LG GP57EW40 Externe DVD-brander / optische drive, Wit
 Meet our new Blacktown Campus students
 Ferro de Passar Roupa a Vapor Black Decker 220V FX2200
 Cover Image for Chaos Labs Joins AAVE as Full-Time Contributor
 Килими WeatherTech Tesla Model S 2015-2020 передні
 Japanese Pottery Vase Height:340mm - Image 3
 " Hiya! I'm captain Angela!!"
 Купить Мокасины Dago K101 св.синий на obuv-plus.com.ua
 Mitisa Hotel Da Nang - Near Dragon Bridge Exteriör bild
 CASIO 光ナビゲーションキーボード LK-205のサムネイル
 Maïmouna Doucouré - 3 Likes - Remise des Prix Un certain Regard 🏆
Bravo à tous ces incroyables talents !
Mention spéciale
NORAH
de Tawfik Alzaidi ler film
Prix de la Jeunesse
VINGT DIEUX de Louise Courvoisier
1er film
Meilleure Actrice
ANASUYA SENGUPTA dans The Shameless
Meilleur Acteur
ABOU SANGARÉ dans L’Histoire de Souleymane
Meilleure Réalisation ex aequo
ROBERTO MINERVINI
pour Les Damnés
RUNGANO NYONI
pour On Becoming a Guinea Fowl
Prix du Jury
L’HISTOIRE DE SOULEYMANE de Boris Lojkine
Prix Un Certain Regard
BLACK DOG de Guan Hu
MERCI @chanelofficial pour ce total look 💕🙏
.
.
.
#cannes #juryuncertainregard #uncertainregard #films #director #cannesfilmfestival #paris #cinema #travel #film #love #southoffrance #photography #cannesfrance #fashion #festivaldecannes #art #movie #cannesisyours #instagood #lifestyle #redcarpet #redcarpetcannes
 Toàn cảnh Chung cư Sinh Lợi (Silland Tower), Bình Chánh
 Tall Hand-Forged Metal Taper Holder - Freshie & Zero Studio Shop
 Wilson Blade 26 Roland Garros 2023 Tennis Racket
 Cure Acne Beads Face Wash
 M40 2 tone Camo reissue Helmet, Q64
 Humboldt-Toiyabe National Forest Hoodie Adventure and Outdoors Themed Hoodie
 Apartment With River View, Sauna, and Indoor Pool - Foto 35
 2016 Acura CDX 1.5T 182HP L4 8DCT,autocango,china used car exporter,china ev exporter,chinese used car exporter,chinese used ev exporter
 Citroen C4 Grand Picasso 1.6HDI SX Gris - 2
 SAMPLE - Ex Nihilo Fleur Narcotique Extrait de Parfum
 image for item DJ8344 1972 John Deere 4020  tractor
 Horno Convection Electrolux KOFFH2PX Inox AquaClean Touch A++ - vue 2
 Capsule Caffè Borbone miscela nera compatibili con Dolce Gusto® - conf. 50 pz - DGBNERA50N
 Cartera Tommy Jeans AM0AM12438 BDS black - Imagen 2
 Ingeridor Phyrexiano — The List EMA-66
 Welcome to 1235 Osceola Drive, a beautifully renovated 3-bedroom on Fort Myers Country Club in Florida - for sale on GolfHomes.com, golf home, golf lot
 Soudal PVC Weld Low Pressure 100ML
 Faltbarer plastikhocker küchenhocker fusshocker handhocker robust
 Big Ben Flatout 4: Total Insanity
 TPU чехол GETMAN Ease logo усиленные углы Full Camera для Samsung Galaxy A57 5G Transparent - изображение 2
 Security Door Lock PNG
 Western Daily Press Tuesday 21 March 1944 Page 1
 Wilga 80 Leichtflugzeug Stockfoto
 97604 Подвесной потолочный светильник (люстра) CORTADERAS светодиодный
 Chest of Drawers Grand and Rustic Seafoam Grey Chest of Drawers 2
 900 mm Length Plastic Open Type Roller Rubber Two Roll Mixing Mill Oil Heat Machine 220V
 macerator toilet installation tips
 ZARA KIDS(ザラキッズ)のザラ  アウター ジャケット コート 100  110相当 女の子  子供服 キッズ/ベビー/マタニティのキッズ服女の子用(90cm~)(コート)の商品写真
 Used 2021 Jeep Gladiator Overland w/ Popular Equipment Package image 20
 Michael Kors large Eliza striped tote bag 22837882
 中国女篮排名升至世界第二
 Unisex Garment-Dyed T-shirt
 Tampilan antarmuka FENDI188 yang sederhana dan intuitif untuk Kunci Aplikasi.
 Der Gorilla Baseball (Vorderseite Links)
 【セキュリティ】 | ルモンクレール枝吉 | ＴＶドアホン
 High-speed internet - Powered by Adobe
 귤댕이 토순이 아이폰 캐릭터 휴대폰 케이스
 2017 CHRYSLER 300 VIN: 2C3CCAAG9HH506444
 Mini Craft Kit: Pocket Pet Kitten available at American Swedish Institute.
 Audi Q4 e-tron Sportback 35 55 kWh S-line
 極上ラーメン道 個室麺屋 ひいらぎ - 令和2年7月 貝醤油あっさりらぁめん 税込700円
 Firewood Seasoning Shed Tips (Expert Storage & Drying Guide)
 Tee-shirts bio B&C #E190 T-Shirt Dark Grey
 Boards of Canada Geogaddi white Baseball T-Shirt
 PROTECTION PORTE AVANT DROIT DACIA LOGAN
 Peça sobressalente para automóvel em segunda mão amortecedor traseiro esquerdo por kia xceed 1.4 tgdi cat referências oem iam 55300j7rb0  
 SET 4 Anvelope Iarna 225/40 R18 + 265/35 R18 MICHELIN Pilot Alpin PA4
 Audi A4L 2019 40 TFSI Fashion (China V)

····················

YOUR GOAL: Search the entries above for lines containing the word "Prix", and copy each one.

ANSWER TO THIS PROBLEM:
 Maïmouna Doucouré - 3 Likes - Remise des Prix Un certain Regard 🏆
Prix de la Jeunesse
Prix du Jury
Prix Un Certain Regard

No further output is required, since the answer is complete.